How did Y&LC come about?
Nadia – Y&L came about when Sara and I were turning 20 and had just moved to London. We had been running a club night, doing a fanzine and djing for a while and setting up a singles label felt like the next step. At the beginning we just thought of putting out new bands singles but after a couple of years it grew into more, Noah & The Whales ‘Peaceful The World Lays Me Down’ was our first album.
That must have been pretty amazing having such a success with your first full length. Did the reactions to the album surprise you or did you know you had a hit on your hands?
We always knew Noah and the Whale were destined for big things, that’s why they were the first band we ever really wanted to work with long term, but it’s always a pleasant surprise for things to be even more successful than you hoped. We all had an amazing summer that year, with the band playing to their biggest crowds at festivals. It was a real privilege to be part of it.
What’s the label’s main ethos and has this changed at all over the 7 years you’ve been going?
Sara – when we started the label we really wanted it to feel like a community, where you bought the bands single and came down to see them at our club night. There was definitely a real sense of a scene in London at that time, bands played together and came down to see each other’s shows and even did each other’s artwork! We still really like to feel it’s a club and lots of people collect every release we put out, which makes us really happy.
That’s pretty awesome, as the music industry get more and more impersonal, that you still have that kind of following. What do you think it is about the label that keeps people so devoted?

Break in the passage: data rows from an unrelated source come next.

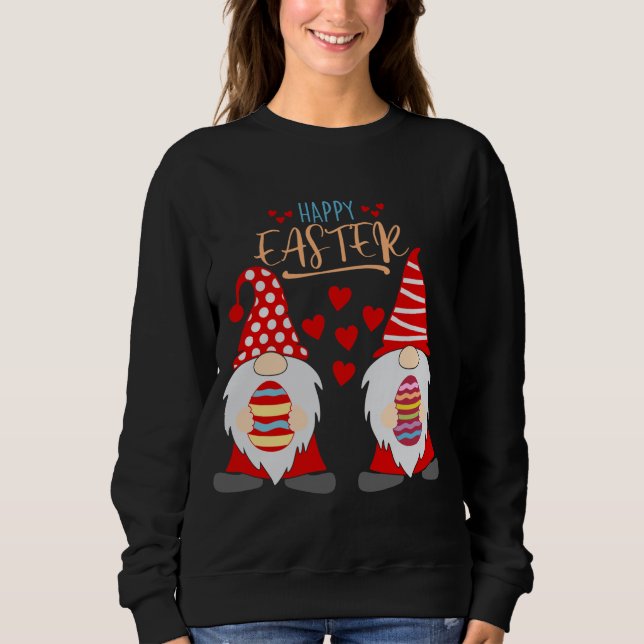 Gnomes Hunting Eggs Happy Easter Day Sweatshirt (Front)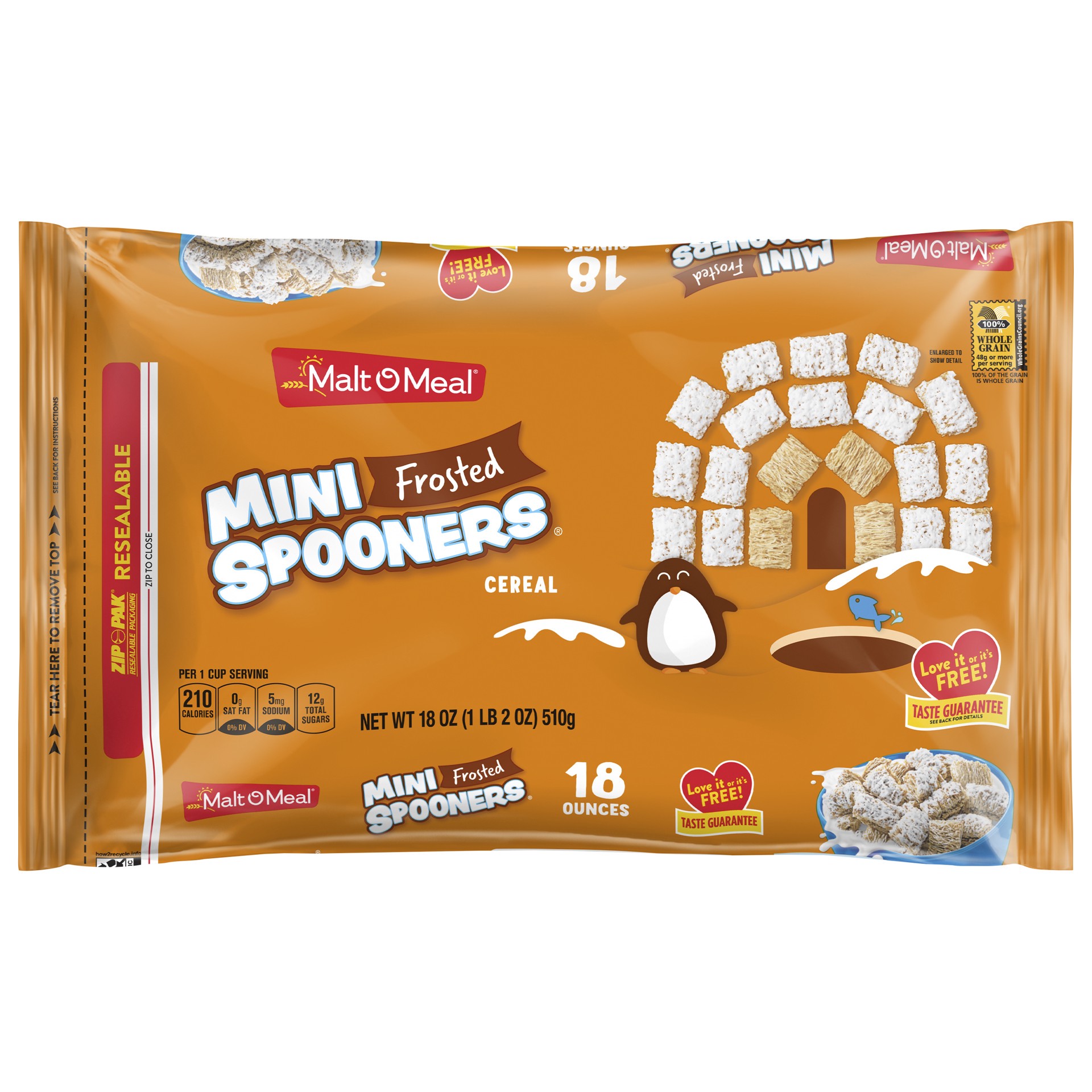 slide 4 of 5, Malt-O-Meal Frosted Mini Spooners Shredded Wheat Cereal, 18 OZ Bag, 18 oz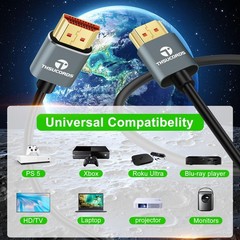 Ultra Thin 8K 4K HDMI Cables 3.3FT 2 Pack, Slim & Flexible Soft High Speed HD…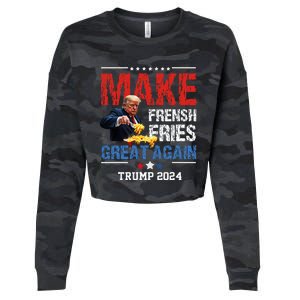 Donald Trump 2024 French Fry Make French Fries Great Again Cropped Pullover Crew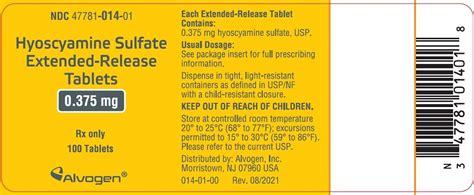 Hyoscyamine Sulfate Extended Release Tablets Pi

I think a lot of big labels are faceless with no identity or even feel for what acts they sign; there is no thread that runs through them. Independent labels like ours hold onto fans because there is clearly an ethos behind what we do and release.
What was your first release and how did you find the band/ get them on board?

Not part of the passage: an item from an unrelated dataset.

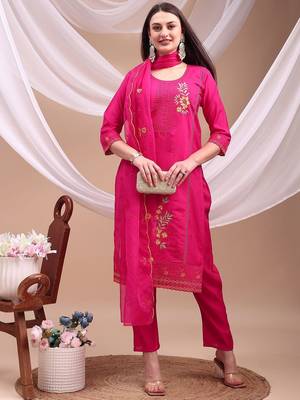 floral embroidered chanderi cotton straight kurta with trousers & dupatta 5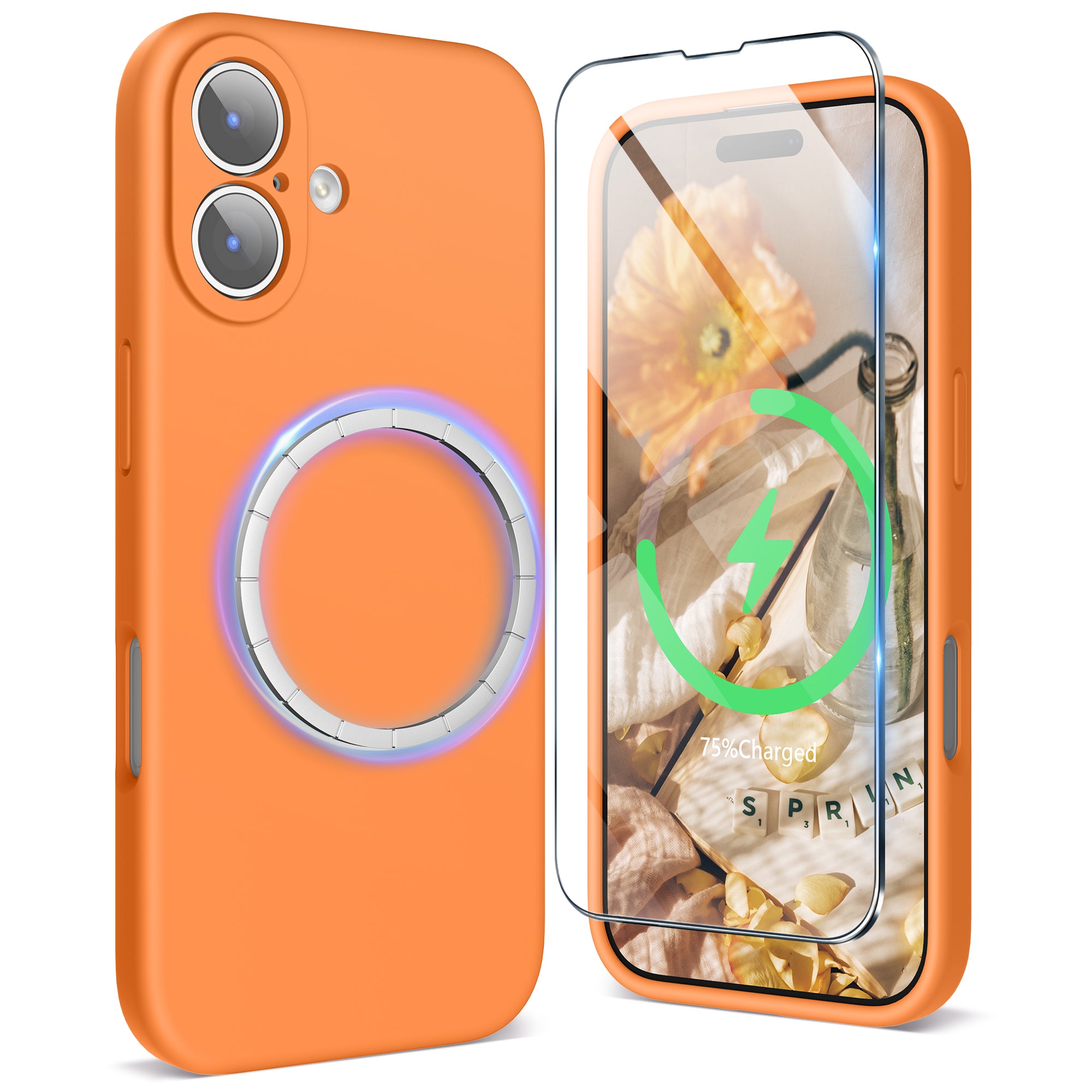 SURPHY Case for iPhone 17 Case with Screen Protector (6.3 inch 2025), Compatible with MagSafe, Liquid Silicone 17 Phone Cases Whit Soft Microfiber Lining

Nadia – Vincent Vincent & The Villains ”Blue Boy” was our first release. We had known the band for a while and they had played our club night quite a few times. We told the band and their manager Buddy Racket we were planning on setting up a record label and they said they wanted to be our first release and it went from there. At the beginning we really had no idea what we were doing but we learnt as we went along!
What did you find was the hardest part, as two proper newcomers, of getting a unknown label up and running?
It was all a bit of a struggle to begin with, but we didn’t even realise we had bitten off more than we could chew. We were kind of blissfully ignorant, and just went with it, learning as we went a long, and slowly it got easier and more organised with every release.
How do you feel about websites like Spotify, which have stared to make the ‘physical release’ something of a novelty?
Nadia – Spotify is great for people to check out new bands they wouldn’t always of made the time with before. I still love having all my music on physical release though, but I’m a massive music geek. I understand its not for everyone! There are a lot of dinosaurs in the music industry that are really stubborn against change, things like Spotify aren’t going to go away we just have to learn to adapt with them!
Yeah, it seems that more and more labels are embracing that digital side with album previews etc, do you think the way Y&LC operates might change more in the next few years possibly focusing more on the digital side (like the singles club)?
Not to change and grow with inventions and digital developments would be the death of a small label like ours.
We feel you have to go with fans and what the audience want, and usually they want things in the most immediate, cheapest, hassle free way, and why wouldn’t you want to provide that! We’re a small company, at the end of the day it is just two people making the decisions, so we can try new things and adapt easily. We don’t have to go through a board meeting or office politics to try out something or give away free music.
You’re well known supporters of vinyl, why do you still put out releases on a medium that, a lot of people argue, has been dead for 20 years?
Sara – I love vinyl and the feeling of having something tangible from your favourite band, a piece of artwork they crafted. Most people seem to buy our vinyl releases even though they don’t have a vinyl player – it’s better then having, say, a mug of your favourite band!
What’s the process of getting an Lp or Ep out. Do you find you have bands approaching you or is it still all about proactively searching for new talent?
Nadia – a lot of bands and managers approach us, however nearly all our releases over the years have been friends’ bands and friends’ of friends’ band, which happened in the case of Noah & The Whale. We find a lot of our acts through our club night too. Its a pretty long process leading up to a single and we start working 2 months before the release date and 4 months with an album.
Coming up to your 7th anniversary what do you think it is about Y&LC that’s kept it relevant?
Sara – We do kind of have our niche, and the indie world has grown smaller in recent times, but I think we’ve tried to keep relevant by only doing releases we really love and working with bands we really want to, like Being There and Oh Minnows. That means doing less releases, as there are fewer things that fit with our label that we get excited about enough to do, but that’s ok with us. Doing our Digital Club is important to us though, giving away free music is part of what we do now, and it’s nice to still have that platform for brand new bands.
As a label and the organizers of a club night do you get more satisfaction from throwing a big party or releasing something new?
Nadia – both really! Its always great having a single or album launch party. After all that hard work the band and us have put in its really good seeing everyone’s fans coming down to support them and check out the new release. I did love putting on our club at the legendary Astoria club in central London though. We had some very fun times there and a lot of great bands played like Supergrass, Vampire Weekend, Andrew WK and Metronomy.